Q-430-32. Marriage Settlement (Deed of Trust). July 25, 1851. Recognizing the marriage recently solmnized by Henry K. W. Flinn and Ann D. Flinn (formerly Ann D. Ervin), to protect the negroes to which Ann was entitled before her marriage, Henry K. W. Flinn conveys to Thomas J. Flinn these negroes, property of Ann before her marriage and held in trust for her by A. L. Scarborough: Clarinda, Ben, Will, Susan, Jacob, Daniel, June, William, Patty, Amma otherwise called Emma, Rose, Anarchy, Silvy, Robert, Minda, Caty, Frances, Cloe, Amy, Hester, Nancy, Charlotte (a child of Patty), Charlotte (a child of Tilla), Big John, Yellow John, Thomas, Israel, Mary, Frank, Richard, Harriet, Jacob (a child of Minda), Moriah, Sarah, Tilla, Ann, Sue, Bina, Peter, Isaiah, Harry, with their increase, in trust for the maintenance and support of Ann D. Flinn. Survivorship instructions follow. Wit. J.A. Dargan, A.L. Dargan. Pr. Aug. 11, 1851. Rec. Aug. 11, 1851.

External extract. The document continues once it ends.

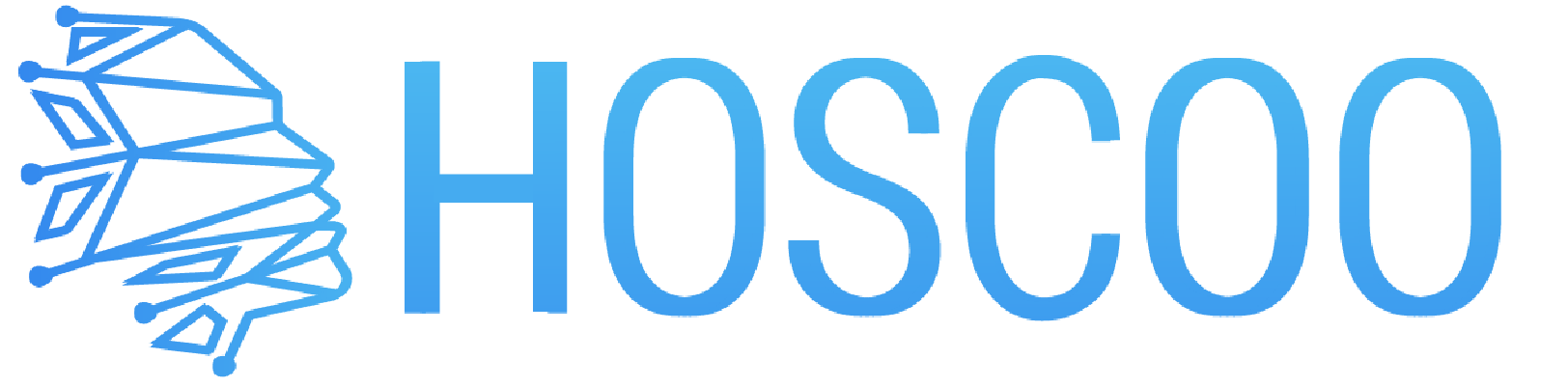 Hoscoo Logo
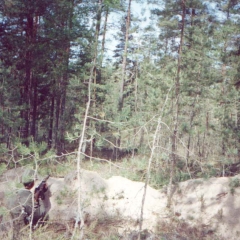 Открытие-Сезона-1-июня-2002-Санкт-Петербург-Эдельвейс-29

Q-434-35. Conveyance regarding a Marriage Settlement. The conveyance is made in furtherance of a deed of marriage settlement made Oct. 5, 1832, between Joseph B. Nettles, Hannah his wife (then Hannah M. Gee), and Samuel L. DuBose, trustee. Joseph B. Nettles conveys to Mary S. Cannon (formerly Mary S. DuBose), John R. DuBose, Charlotte M. DuBose, Ann C. DuBose and Samuel L. DuBose, heirs at law of Samuel L. DuBose, deceased, and thereby trustees under a marriage settlement dated Oct. 5, 1832, the following negro slaves: Harriet, a woman aged about 40 years; Sally, aged about 22 with her three children Abut [?], Susannah and Frank; Hester and her child Fanny; and Jane; the last seven being the children and grandchildren of Harriet; in trust, with the profits from the said slaves going to Joseph B. Nettles for his lifetime and then (if Hannah is dead) to their children. Wit. Jos. S. Burch, Jos. J. Ling. Pr. July 26, 1851. Rec. Aug. 14, 1851.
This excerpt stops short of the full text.